I'd like to suggest an alternate solution. In your current scheme, you
would put 'de la Tour' in your surname column, but you are saying that
'Tour' is the part to sort by, while 'de la' is not. To my mind, that means
'de la' and 'Tour' are different kinds of data, which means they belong in
different columns -- surname_prefix and surname, perhaps. Then you can
concatenate surname_prefix and surname for display purposes, but sort on
just surname (or surname, surname_prefix, first_name), and an index on
surname (or surname, surname_prefix, first_name) could be used.
For example:
SELECT * FROM advisers;
++++--+
| id | first_name | surname_prefix | surname |
++++--+
| 1 | Michael| NULL | Stassen |
| 2 | Max| van den| Berg |
| 3 | Sylvia | du | Sautoy |
| 4 | Alicia | NULL | Davidson |
| 5 | Marco | van| Basten |
| 6 | Andy | NULL | Thomas |
| 7 | Michelle | de | Contes |
| 8 | Gabrielle | de la | Tour |
| 9 | Joe| NULL | McNeil |
| 10 | Chris | NULL | Brown|
++++--+
10 rows in set (0.30 sec)
SELECT first_name, CONCAT_WS(' ', surname_prefix, surname) AS last_name
FROM advisers
ORDER BY surname;
++--+
| first_name | last_name|
++--+
| Marco | van Basten |
| Max| van den Berg |
| Chris | Brown|
| Michelle | de Contes|
| Alicia | Davidson |
| Joe| McNeil |
| Sylvia | du Sautoy|
| Michael| Stassen |
| Andy | Thomas |
| Gabrielle | de la Tour |
++--+
SELECT CONCAT_WS(' ', first_name, surname_prefix, surname) AS name
FROM advisers
ORDER BY surname, surname_prefix, first_name;
+--+
| name |
+--+
| Marco van Basten |
| Max van den Berg |
| Chris Brown |
| Michelle de Contes |
| Alicia Davidson |
| Joe McNeil |
| Sylvia du Sautoy |
| Michael Stassen |
| Andy Thomas |
| Gabrielle de la Tour |
+--+
Michael
andy thomas wrote:
On Tue, 8 Jun 2004, Andy Eastham wrote:
Look at using the Reverse() function, then take the substring up to the
first space, then reverse the result.
Well, 'select substring_index(surname,' ',-1) from advisers' does the
trick as far as extracting the wanted parts of surnames at the end of
the surname filed but I'm not sure how to use this as an argument to
ORDER BY? Shouldn't something like:
select substring_index(surname,' ',-1) as r from advisers, select * from
advisers order by r
work?
Thanks for your help,
Andy
-Original Message-
From: Paul McNeil [mailto:[EMAIL PROTECTED]
Sent: 08 June 2004 14:04
To: [EMAIL PROTECTED]
Subject: RE - Order By Problem
I have never done anything like this but after looking at the spec's I
have a possible direction for you
In String functions there is LOCATE(substr,str,pos)

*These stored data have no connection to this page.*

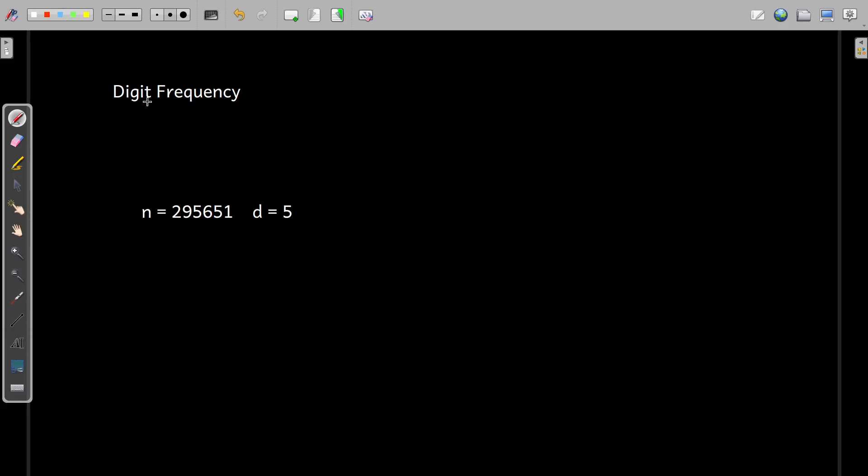In this video, we'll talk about this digit frequency program. So consider a number N as 295651 and here the digit D is 5. So we are supposed to find the frequency of this number 5 within this given number N.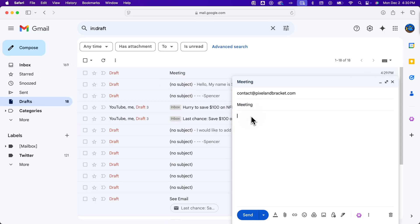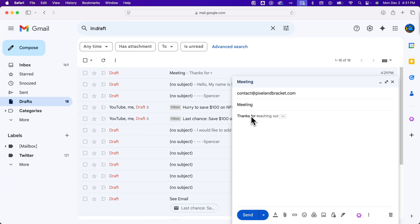you can get suggestions to finish phrases and stuff. So I might say thanks for, and then I'm starting to write, maybe reaching out or responding or anything like that. And you can see that I just typed the letter R and Google puts in this autofill.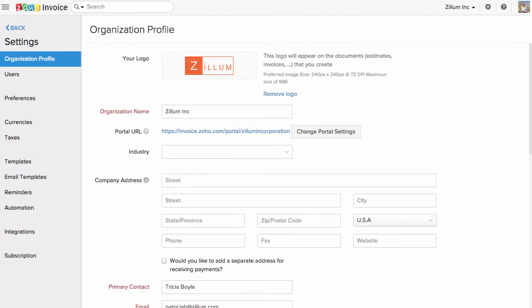You can enter all the basic information about your organization here, like company address, contact information, industry type, etc.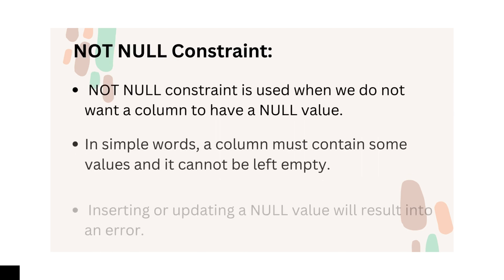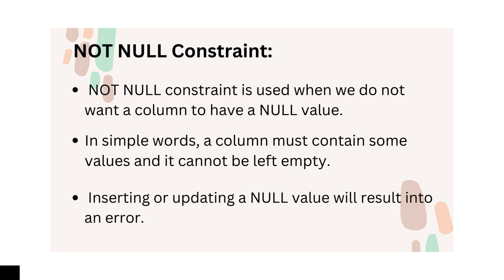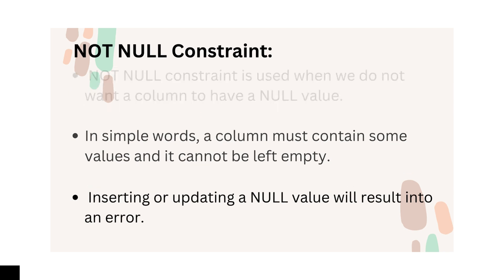Next is NOT NULL constraint. The NOT NULL constraint is used when we do not want a column to have a NULL value. In simple words, a column must contain some value. It cannot be left empty. Also, inserting and updating a NULL value will result into an error.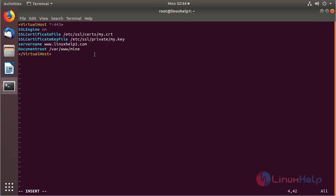And then here I have to give the content: SSLEngine on. And then here I have to mention the certificate path, and then here I have to mention the private key path. As usual, I have to give my server name and then I have to give my document root.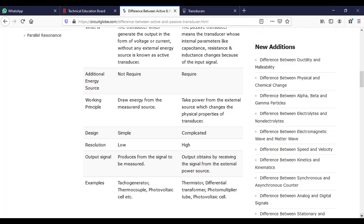For passive transducers, we have to obtain the output signal from an external power source. If we have a battery connected, the battery provides voltage. We need the external battery to operate the passive transducer.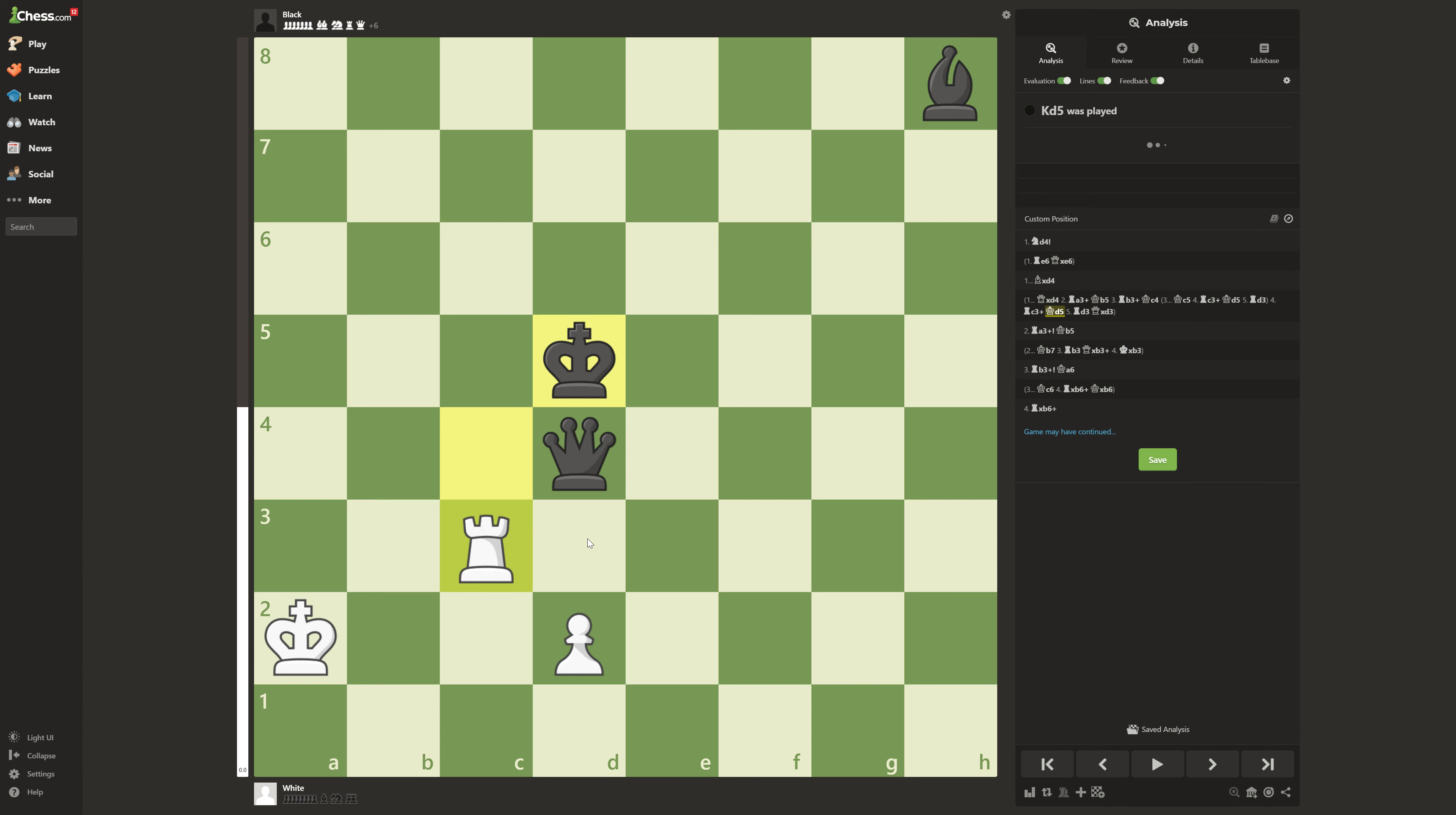Well, you actually do rook d3. This is an amazing move. It looks completely lost for white. It looks like a crazy move. The reason why it's so good is because it pins the queen to the king.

The first syntax returns the position of the first occurrence of substring
substr in string str. The second syntax returns the position of the first
occurrence of substring substr in string str, starting at position pos.
Returns 0 if substr is not in str.
I think that if you create a function that uses this to strip the string
to the left of the last found space and that returns the string to the right
you could call this in your query and use it in the order by statement.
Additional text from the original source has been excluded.